**Work required**
Find the line below with "画像4: carhartt Double" and the line with "mediaworld - Volantino". Output them and the lines between, exactly, but not the pictures.

**Extracted information**
"""

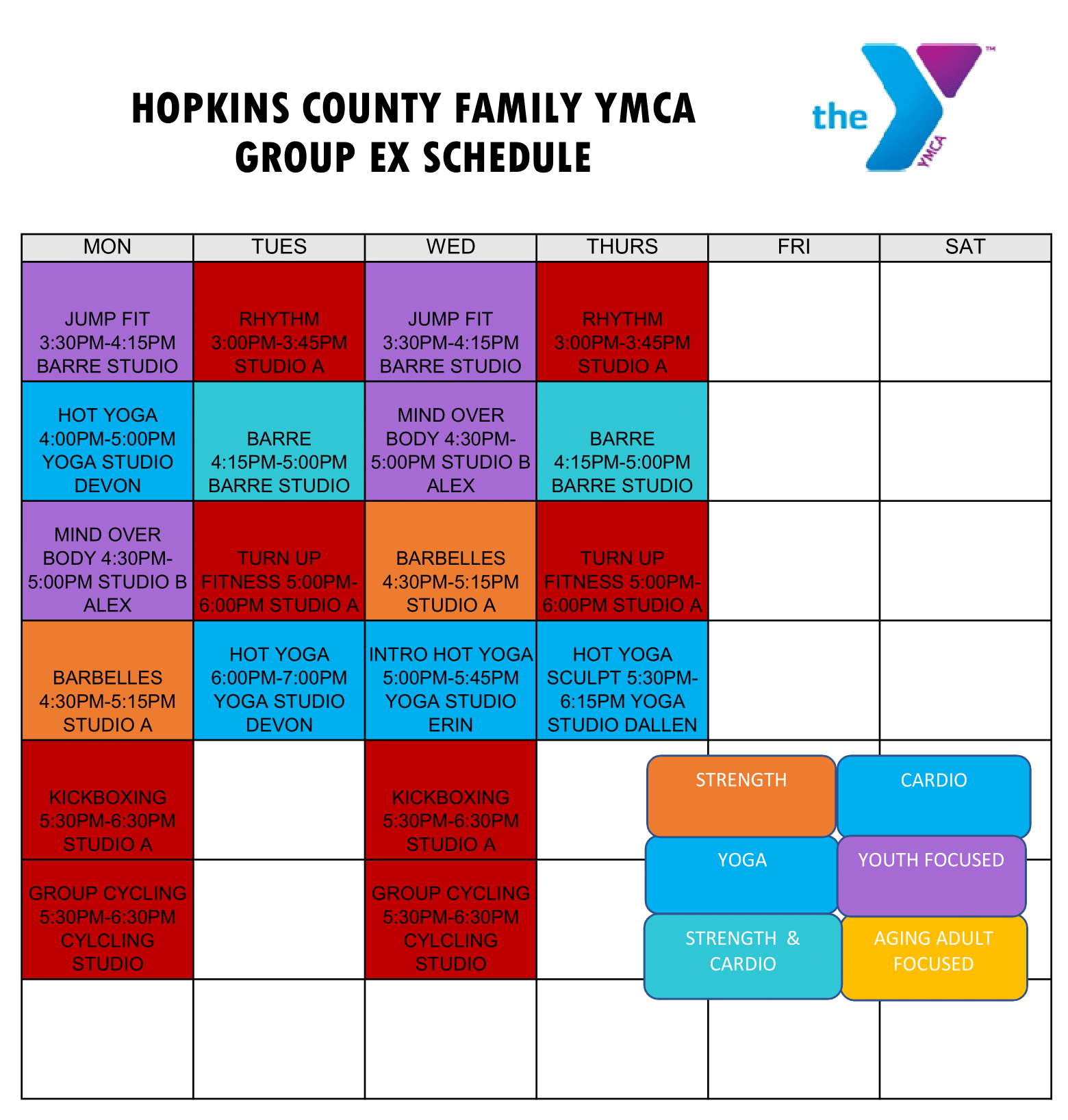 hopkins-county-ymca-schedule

"""
"""

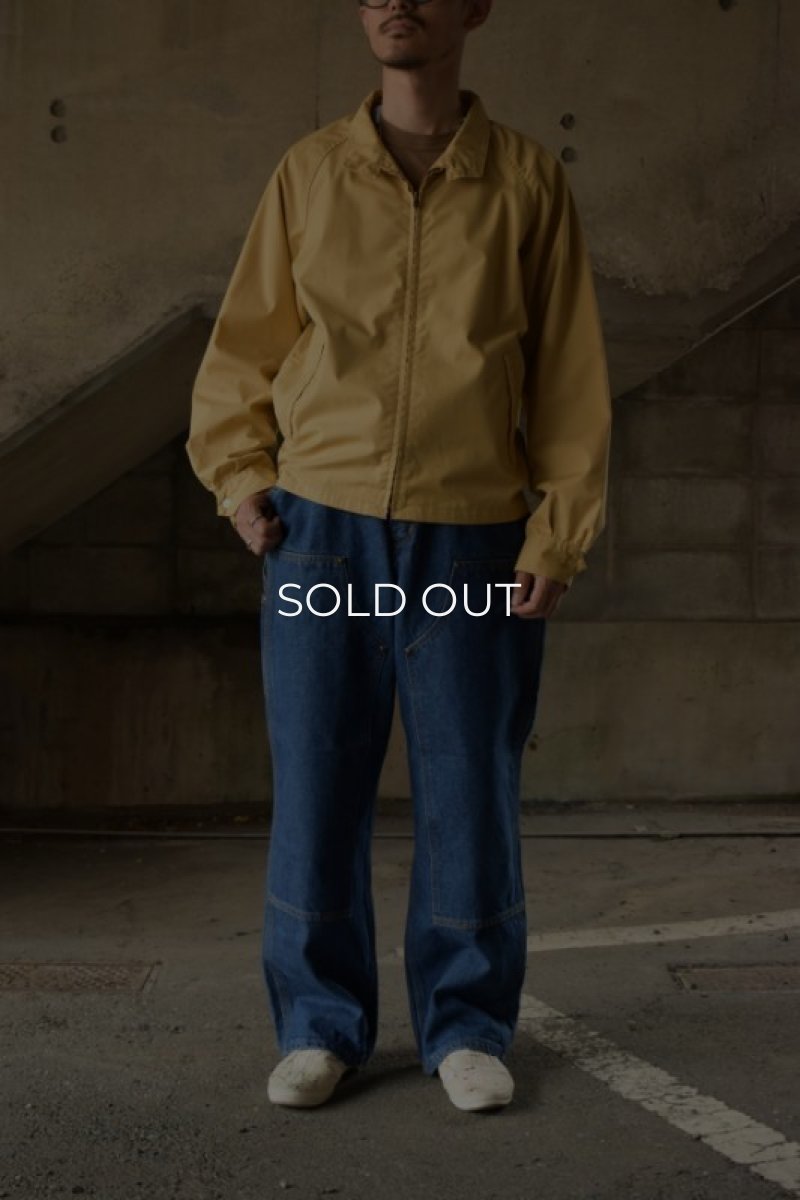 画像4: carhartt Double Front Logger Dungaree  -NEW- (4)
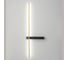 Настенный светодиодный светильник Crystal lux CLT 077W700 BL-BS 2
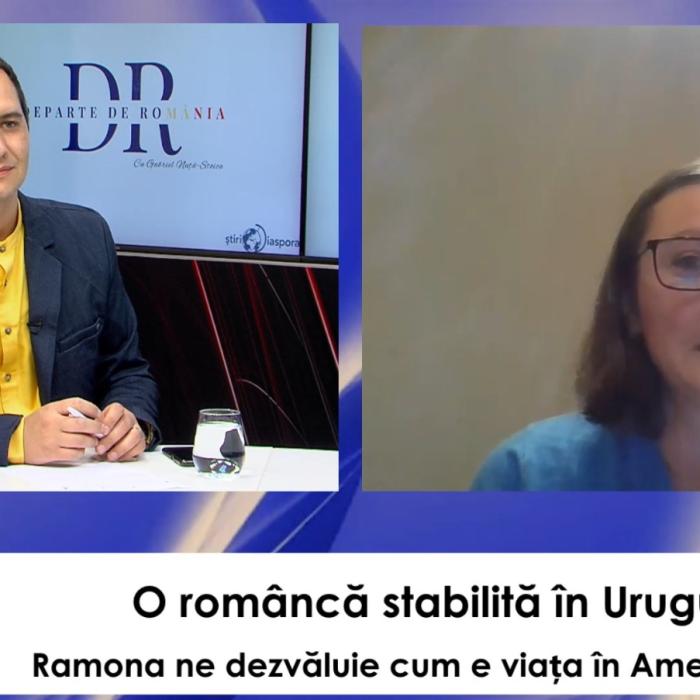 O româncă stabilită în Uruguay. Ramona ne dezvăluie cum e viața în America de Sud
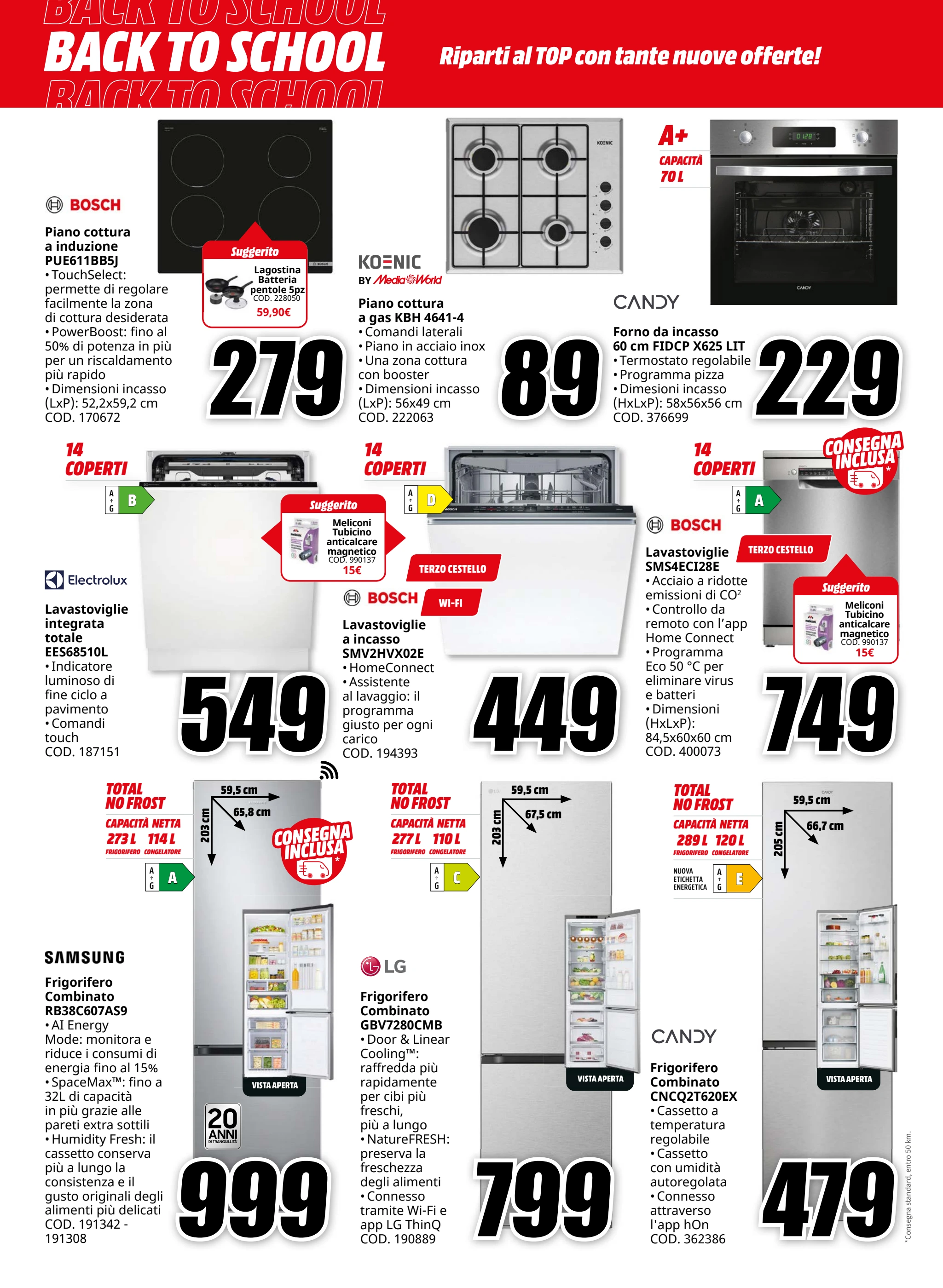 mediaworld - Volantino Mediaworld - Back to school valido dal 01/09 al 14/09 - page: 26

"""

**Result of the task**
 画像4: carhartt Double Front Logger Dungaree  -NEW- (4)
 Настенный светодиодный светильник Crystal lux CLT 077W700 BL-BS 2
 O româncă stabilită în Uruguay. Ramona ne dezvăluie cum e viața în America de Sud
 mediaworld - Volantino Mediaworld - Back to school valido dal 01/09 al 14/09 - page: 26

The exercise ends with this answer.